When Lemelin and Andy Moog patrolled the Bruins crease from 1988-92, the only championships the city of Boston had tasted since Bobby Orr and the Big Bad Bruins hoisted the Stanley Cup in 1970 and 1972, was the Celtics dynasty of the 1980’s. With Lemelin between the pipes in the 1988 Stanley Cup playoffs, the Bruins beat the Canadiens in the playoffs for the first time in 45 years.
“That was my first year and Andy’s first year and after we beat Montreal, it was like we won the Stanley Cup,” Lemelin recalled. “I was like ‘Hey this is just the second round, we still got two to go!’ but it was so great to be a part of that and that run even though we lost in the Final.”
It wasn’t until the Red Sox broke the curse in 2004, that the city was reminded what winning a championship felt like. Over the last 20 years though, between the Bruins, Celtics, Red Sox and Patriots, Boston has been blessed with eleven championships and the expectation around Boston sports now is to win a championship or else! As Lemelin pointed out, that’s likely why, despite being the winningest goalie in franchise history with a record of 291-158-64 in 536 NHL games as well as a 2.12 GAA, .929 save percentage and 50 shutouts, Rask gets the Dangerfield treatment. He also made a point to note that Rask is an even better person than he is a goalie.
“I’ll tell you what, I got to know him personally at a few different Bruins golf tournaments and some other events and he’s a great guy,” Lemelin said of Rask. “He’s performed so steady and so well but I think it’s the expectation level here in Boston because we have so many good teams that keep winning championships. It carries from one sport to the next here and if you don’t win the championship the fans are like ‘What are you doing?
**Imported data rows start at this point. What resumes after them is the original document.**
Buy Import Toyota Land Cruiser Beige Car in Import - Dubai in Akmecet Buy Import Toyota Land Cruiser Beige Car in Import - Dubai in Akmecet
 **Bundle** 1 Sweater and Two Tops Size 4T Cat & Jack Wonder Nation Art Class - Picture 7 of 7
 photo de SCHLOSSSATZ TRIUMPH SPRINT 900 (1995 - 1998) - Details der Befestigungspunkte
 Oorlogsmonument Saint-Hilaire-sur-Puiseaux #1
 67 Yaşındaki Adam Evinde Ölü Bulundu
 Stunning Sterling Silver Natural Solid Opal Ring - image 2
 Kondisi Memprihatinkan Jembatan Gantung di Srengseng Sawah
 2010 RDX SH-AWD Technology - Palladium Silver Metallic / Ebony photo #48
You’re supposed to win!’ but I think he’s just a fantastic goalie. He had an unbelievable playoff last year and then the last game, the whole team laid an egg but everyone blames him? It’s not right.”
Rask – who said Monday he’s not thinking of retiring – understands the championship ultimatum attitude in Boston and hopes to meet those expectations before his contract runs out after next season. Until then, he plans to just continue to perform to the level that still has him amongst the NHL’s elite goalies with a 26-8-6 record this season and a league-leading 2.12 GAA and .929 save percentage.
“I just try to do my job as good as I can every night, give us a chance to win, and then what comes with that, it comes,” the frequently embattled goaltender said. “But maybe in the future after I retire and look back, you kind of appreciate yourself more and see what you did and obviously this city is known to win championships, and your success is measured by winning championships.
I’ve gotten to the Finals with the team twice as a playing goalie. Didn’t win, but I think it’s still a great accomplishment to reach that point, going to the Finals. Obviously it would be nice to be known as a champion in those years, but it didn’t happen and we just have to live with that. I think I’ve played a good career so far, and hopefully, there are some more years left and even maybe a championship in the future and hopefully, I can improve my play as well.”